ACTIVITY:
Skip the pictures and write out, word for word, the lines below from the one with "Стильная вилла с" through the one with "2024 Mercedes-Benz Sprinter", inclusive.

RECORDS FOR THIS TASK:
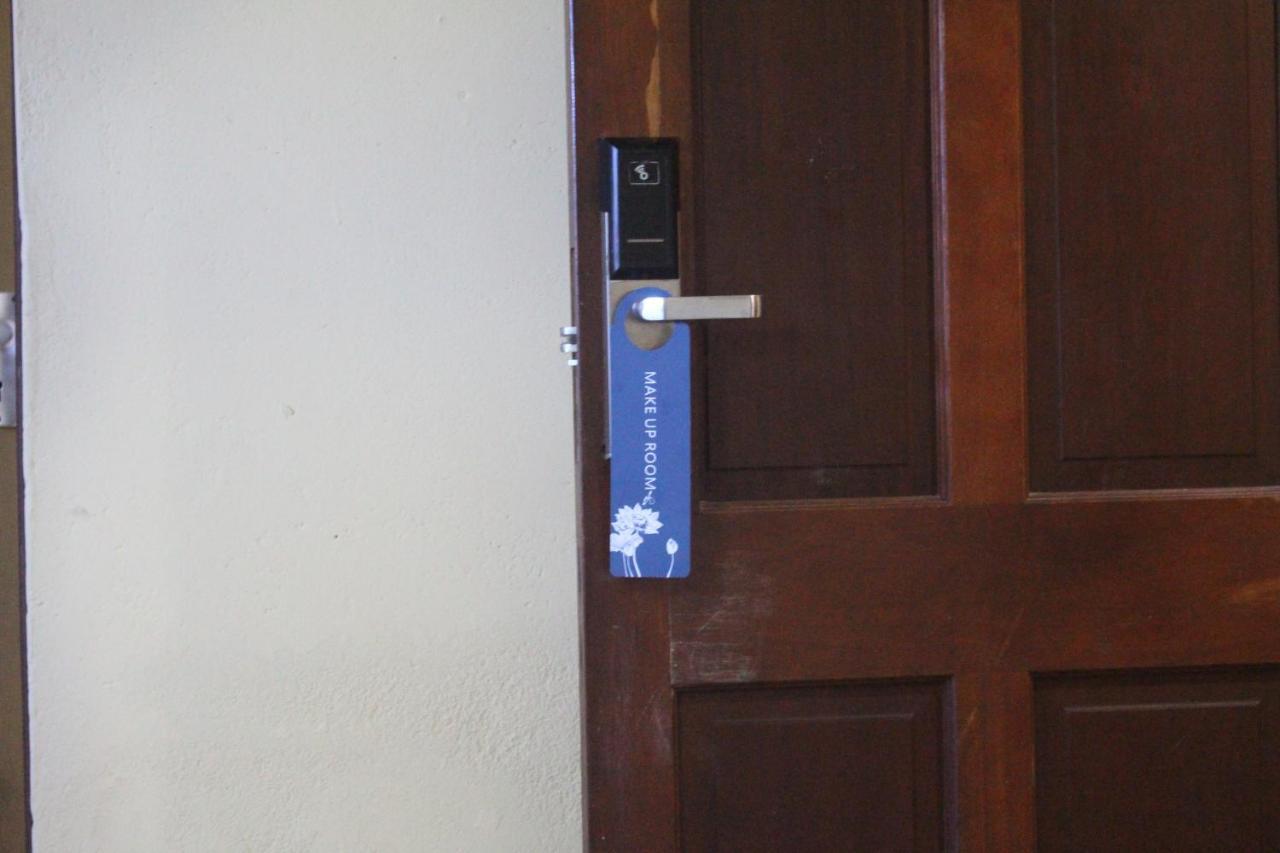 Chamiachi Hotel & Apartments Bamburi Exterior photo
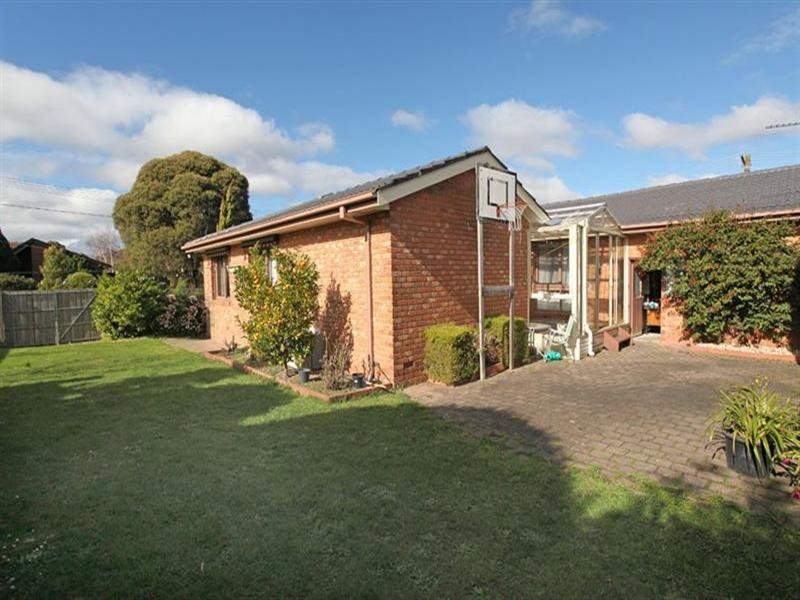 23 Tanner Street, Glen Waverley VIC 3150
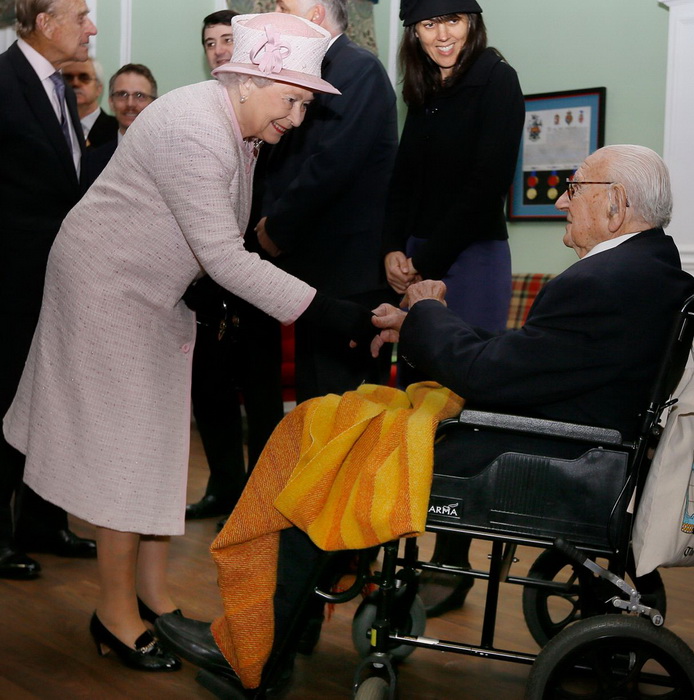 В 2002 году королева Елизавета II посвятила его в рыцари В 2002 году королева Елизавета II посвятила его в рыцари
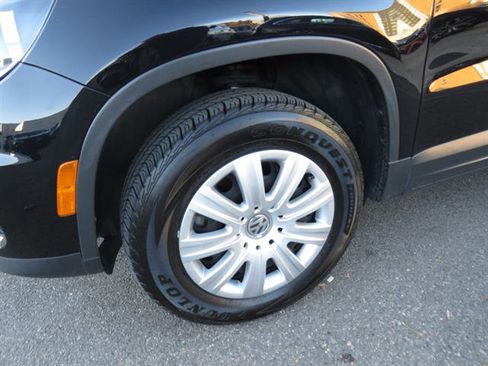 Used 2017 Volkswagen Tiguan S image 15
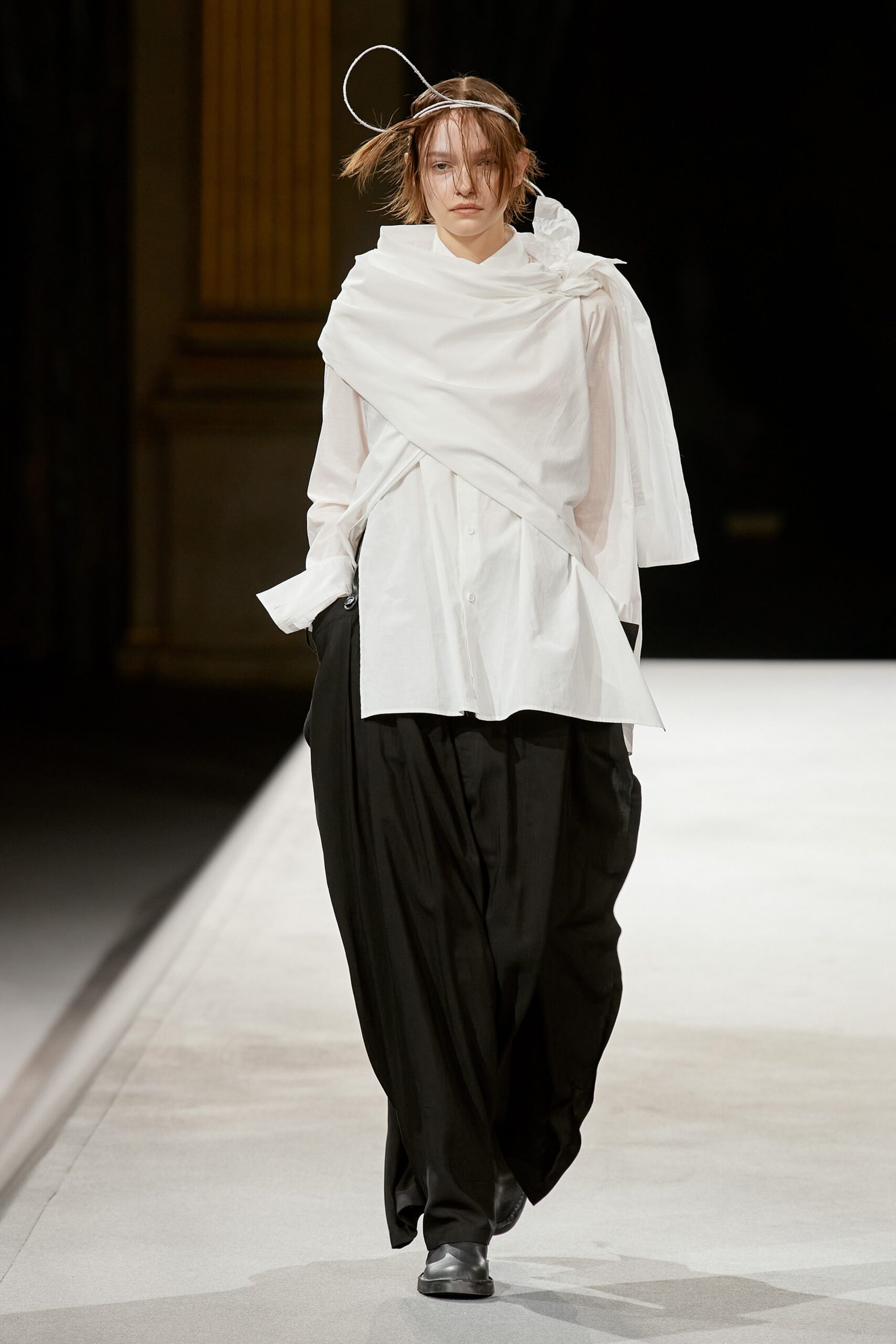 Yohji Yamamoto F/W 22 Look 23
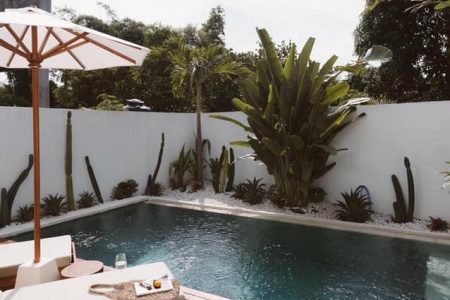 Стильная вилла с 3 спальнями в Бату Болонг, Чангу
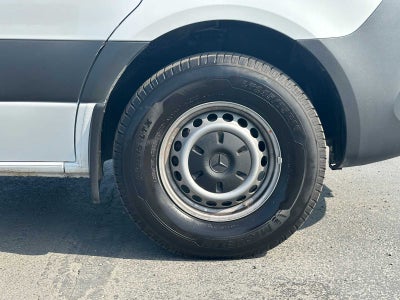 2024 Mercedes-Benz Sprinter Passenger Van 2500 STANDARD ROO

---

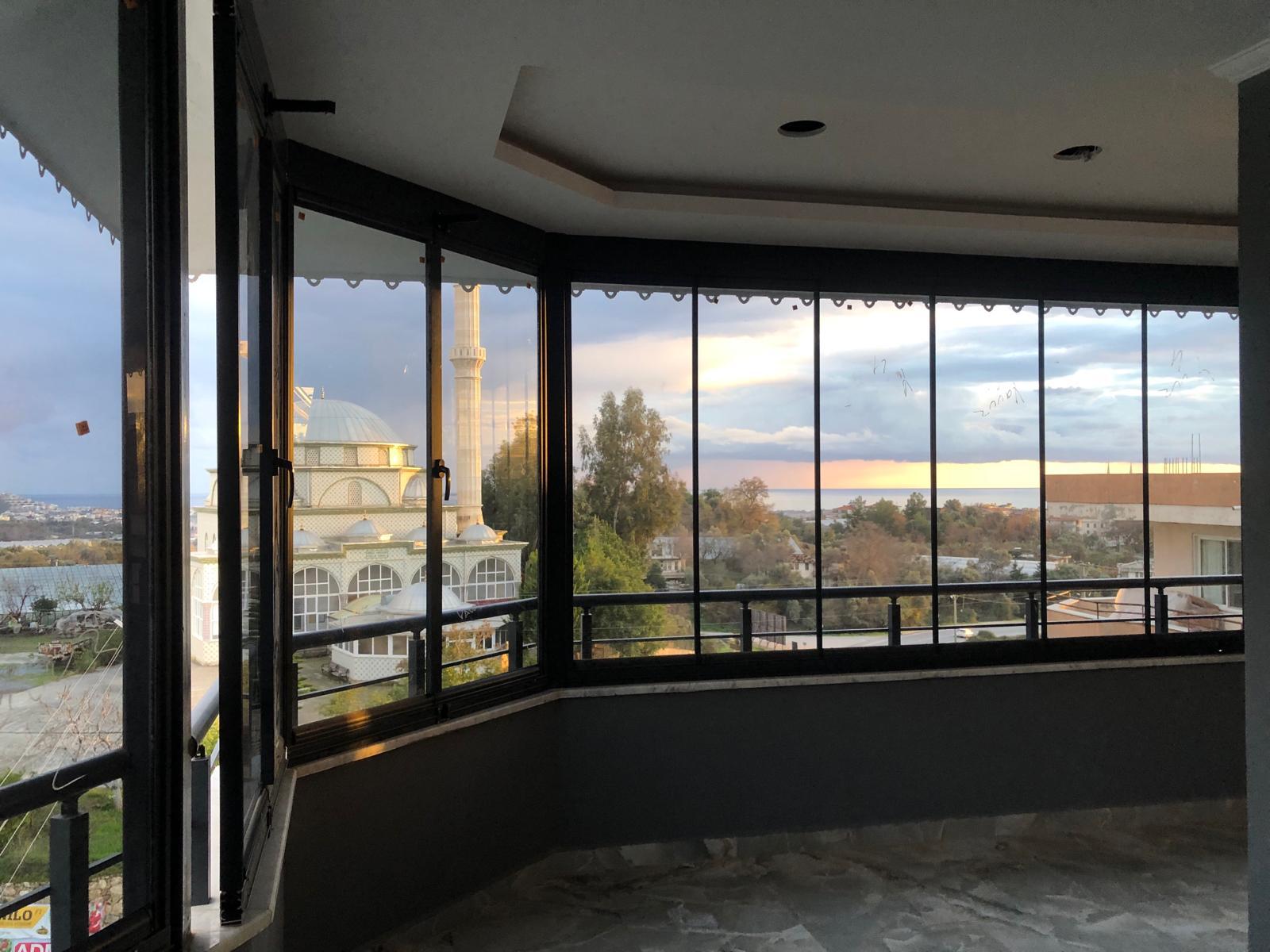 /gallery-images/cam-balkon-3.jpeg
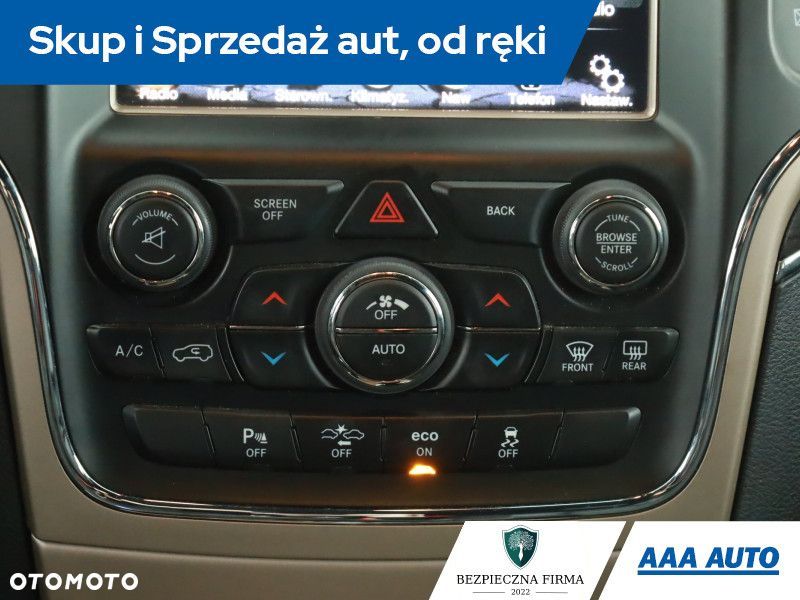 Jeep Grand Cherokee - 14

ANSWER TO THE PROBLEM:
 Стильная вилла с 3 спальнями в Бату Болонг, Чангу
 2024 Mercedes-Benz Sprinter Passenger Van 2500 STANDARD ROO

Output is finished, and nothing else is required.